First-quarter sales rose 13% on an organic basis, the Paris-based owner of Sephora (No. 136 in the Internet Retailer 2017 Top 500) and Christian Dior said late Monday. That beat analysts’ average estimate of 8.5% and spurred up the shares as much as 5.7% to a record high of 277.25 euros ($342.45) in early Paris trading Tuesday.

While Chinese consumers have been stocking up on LVMH’s Louis Vuitton handbags and Givenchy makeup, the country’s economic growth is expected to slow to 6.5% in 2018, according to forecast data compiled by Bloomberg. The maker of Hennessy cognac is intensifying its digital efforts, such as its sponsorship for a startup accelerator that aims to encourage entrepreneurs developing new technologies and services for the luxury industry.

“Digital allows us to reach the client more quickly and directly,” Arnault, who is the company’s chairman and Europe’s richest man, said Monday in an inauguration ceremony for the accelerator. “Innovation and creativity are fundamental values for LVMH.”


The program is located in Station F, a former Paris terminal that telecommunications billionaire Xavier Niel has turned into a sprawling campus for startups.

With more than 4,000 stores from Paris’s Avenue Montaigne to Los Angeles’s Rodeo Drive, LVMH has been boosted by a rising Chinese middle class that is traveling more than ever. It’s also gaining from a push into e-commerce and new products to entice young consumers—like luxury sneakers and iPhone cases styled like Louis Vuitton trunks.
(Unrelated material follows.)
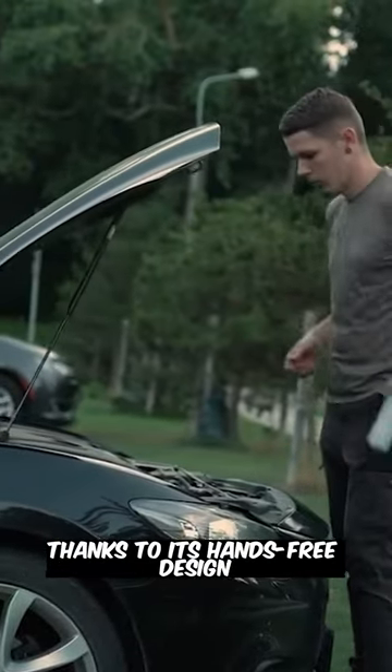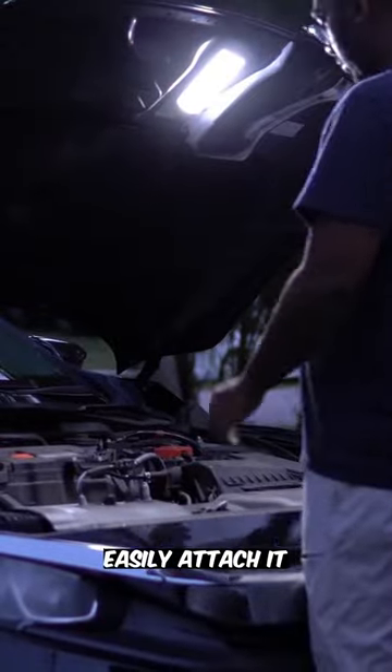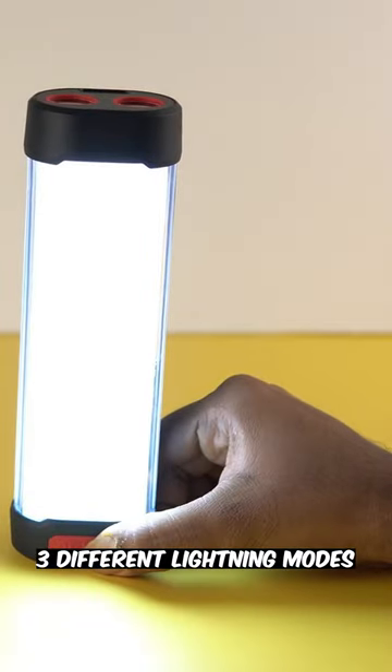Thanks to its hands-free design and powerful magnet, you can easily attach it to any iron or steel surface. The most interesting and useful part: it features three different lighting modes, including panel light, front light, and panel with front light.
LVMH moved to ramp up its e-commerce business across its stable of brands last year with new sites for its Celine handbags and Berluti shoes, the first online store in China for its largest brand, Louis Vuitton, and a new multibrand emporium called 24 Sevres, which is one of the retailers in Internet Retailer’s 2018 Hot 100 list of innovative online retailers.

“We’ve really seen progress across the board,” chief digital officer Ian Rogers said in an interview, pointing to the online openings as well as increased engagement on social-media platforms like Instagram and China’s WeChat.


The company saw organic first-quarter growth of 10% or greater in categories such as spirits, fashion goods, cosmetics and jewelry. The strong results across all divisions show that sales momentum for LVMH’s key brands remains intact, said John Guy, an analyst at MainFirst, who raised his rating on the stock to outperform from neutral after the results.

“This is a remarkable start to the year for LVMH, with broad-based market share gains in a buoyant environment for luxury goods,” said Rogerio Fujimori, an analyst at RBC Europe who rates the shares the equivalent of buy, in a note to clients.

Kering SA, owner of the Gucci brand, and Birkin bag-maker Hermes International have also benefited from demand in China. Kering shares rose as much as 7.5%, while Hermes gained 1.9%.